Hannah Marie Wormington, Among First Women Archaeologists, Dead at 79
DENVER (AP) _ Hannah Marie Wormington, one of the nation’s first women to forge a career in archaeology and an expert on the Paleo-Indian period, died in a fire at her home. She was 79.
She was found dead in her bed Tuesday of smoke inhalation, investigators said. They believe Wormington had been smoking carelessly. A smoke detector in the house had no battery.
Wormington wrote at least 15 books and scores of articles for scientific publications. Her writings served as textbooks for a generation. A Denver native, she was affiliated with the Denver Museum of Natural History for nearly six decades.
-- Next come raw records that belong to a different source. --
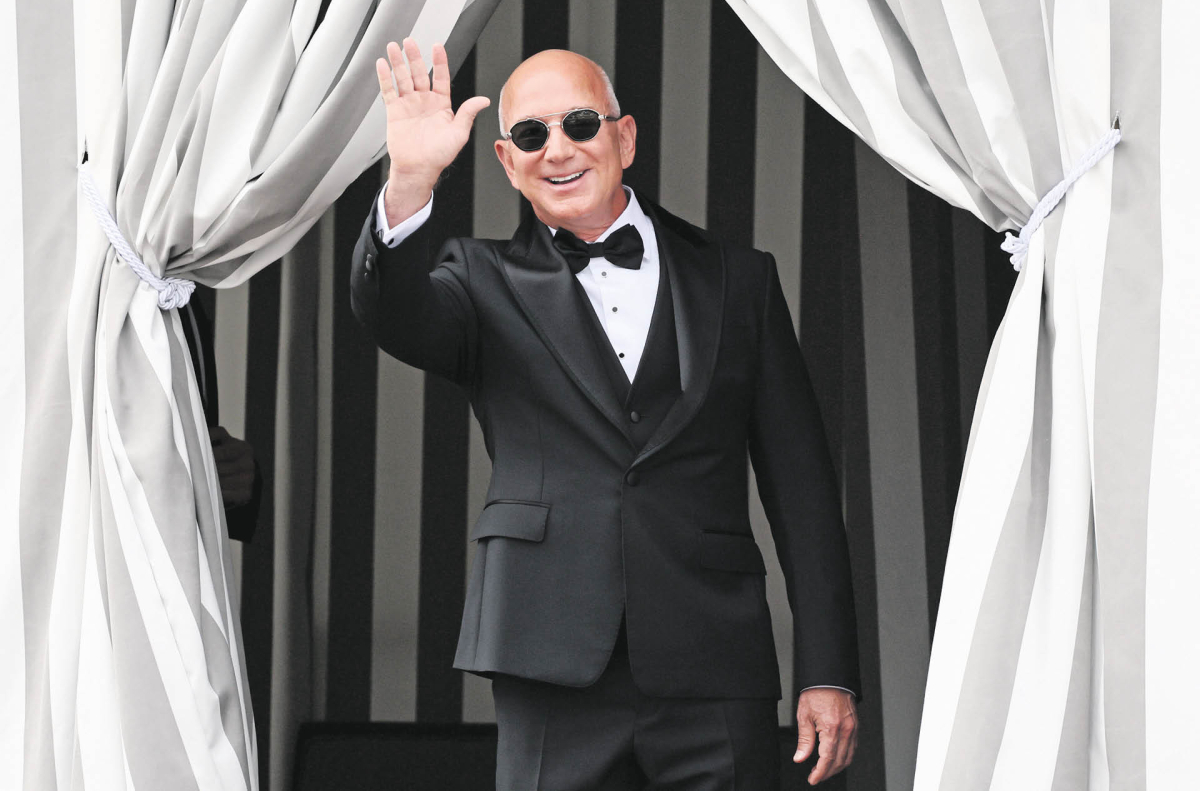 Założyciel Amazona i Blue Origin Jeff Bezos. Wenecja, 27 lipca 2025 r.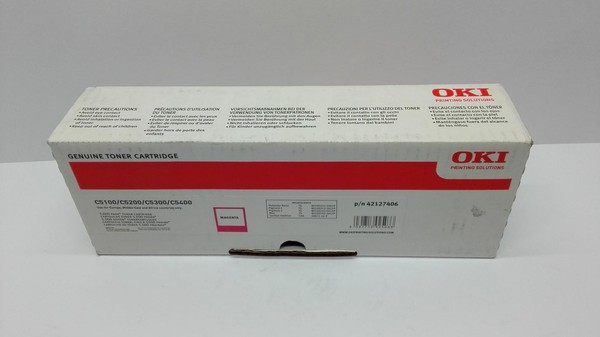 Okidata Type C6 Tonerkartusche 42127406, Magenta FüR Okidata C5200N-image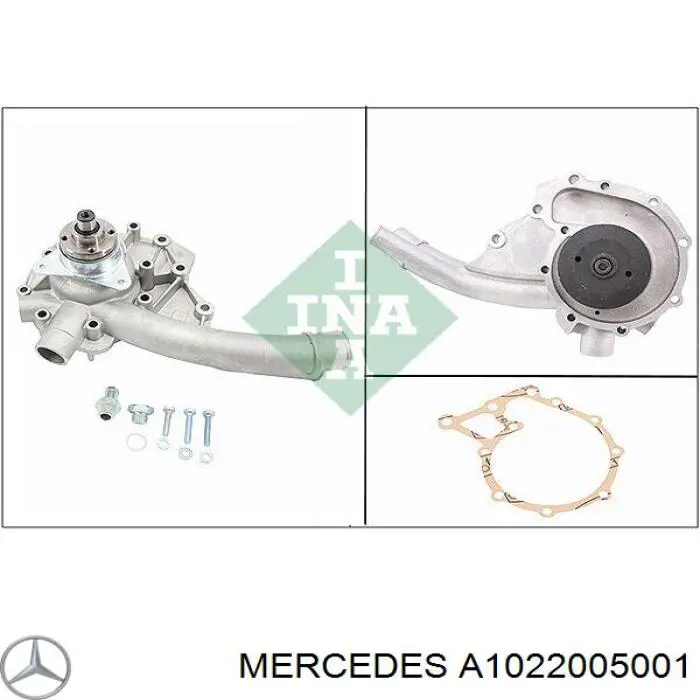 Купити A1022005001 Mercedes Насос охолоджуючої рідини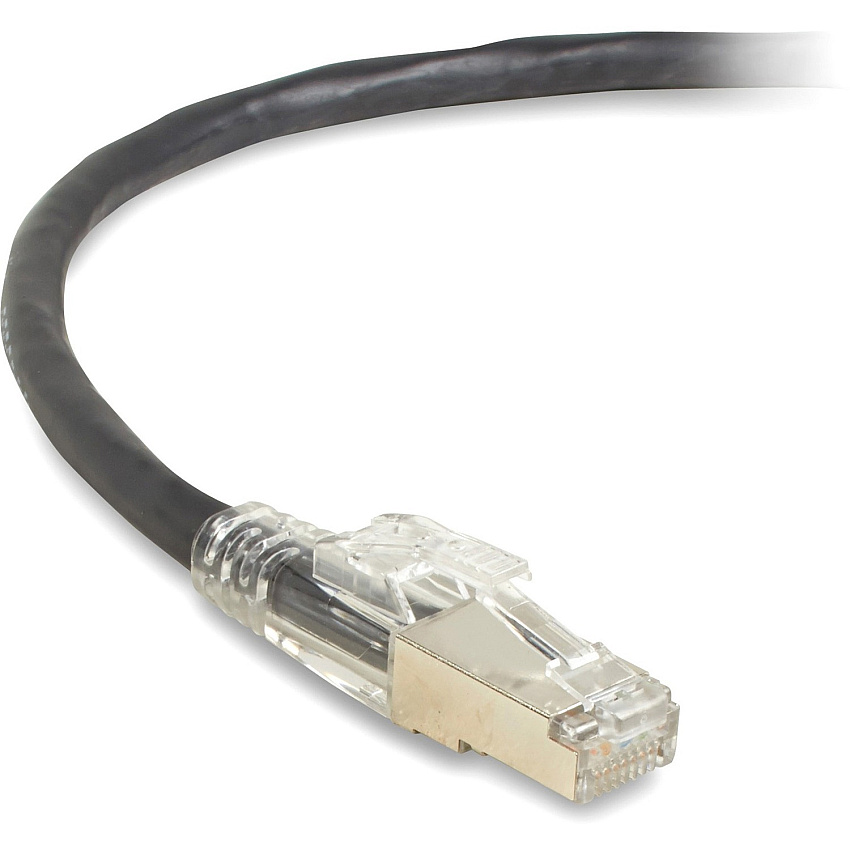 Black Box Cat6a 650-mhz Locking Snagless Stranded Ethernet Patch Cable-shielded (s/ftp), Cm Pvc (rj45 M/m), Black, 3-ft. (0.9-m) (C6APC80SBK03)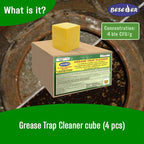 Grease Trap Cleaner cubes for wastewater treatment from grease and oil, 4bln. CFU/g (4 cubes x 2 pounds = 8 pounds)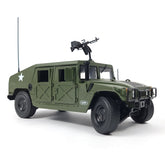 1:18 Die-cast Hummer H1 Military Armored Truck Off-Road Scale Model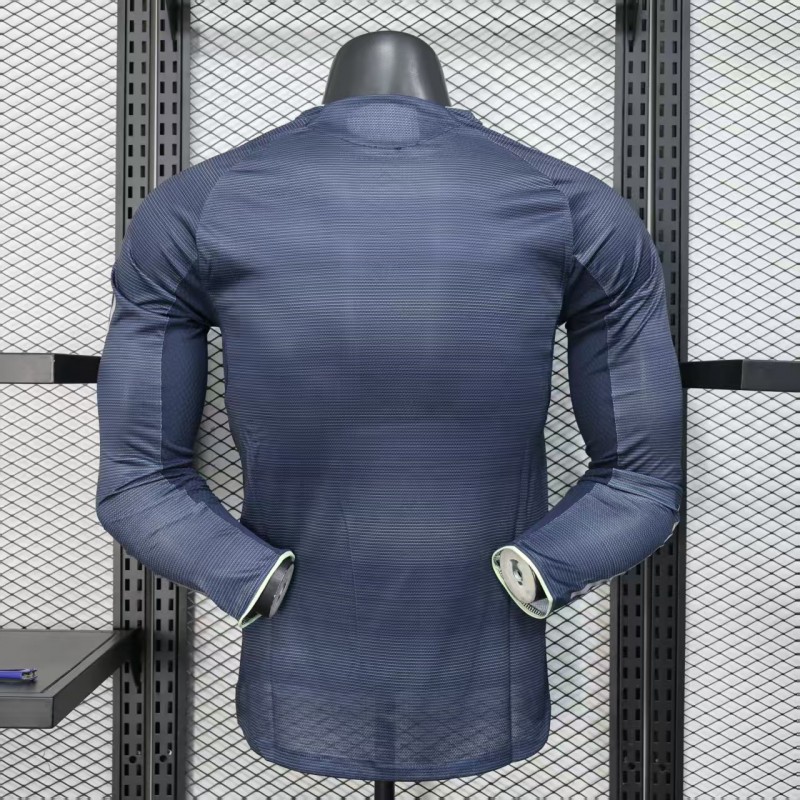 Player Version 25/26 Real Madrid Away Long Sleeve Jersey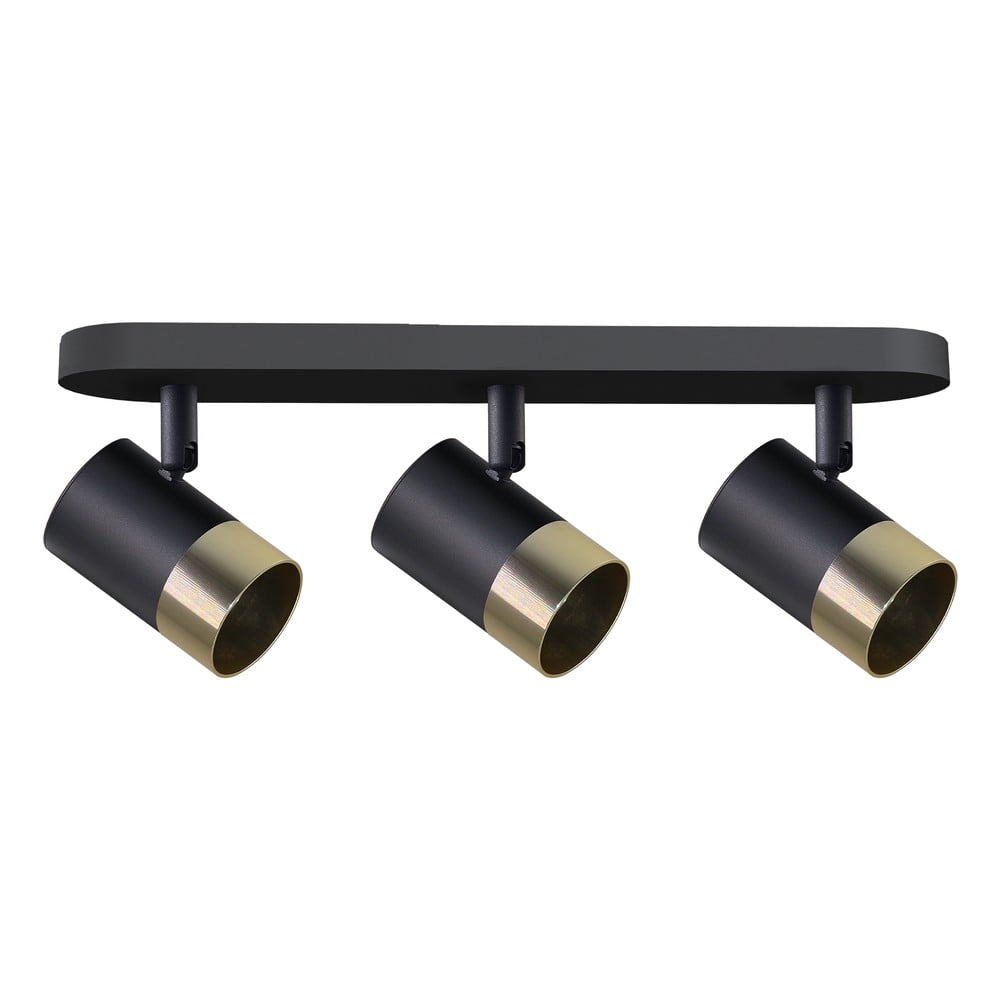 Fekete-aranyszínű mennyezeti lámpa fém búrával 44x5.5 cm Tobi – Candellux Lighting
The museum named her curator emeritus in 1968.
In 1958, she became the first woman to head the Society for American Archaeology.
″She was one of the first and foremost woman scholars in archaeology in North America,″ said James Dixon, the museum’s curator of archaeology.
During Wormington’s early career, a woman in archaeology was a rarity. Sarah Nelson, head of the anthropology department at the University of Denver, said Wormington signed her early writings ″H.M.″ Wormington to conceal her gender.
One of her specialties was the period when Indians crossed the Bering Strait land bridge from Asia as long ago as 10,000 B.C.
Wormington graduated from the University of Denver in 1935 and received master’s and doctoral degrees from Radcliffe College. She was the second woman admitted to Harvard’s anthropology department.
″When she was attending classes at Harvard, she had to sit outside the lecture hall in at least one of her classes because the professor didn’t allow ladies inside,″ said Dennis Stanford, a spokesman for the Smithsonian Institute.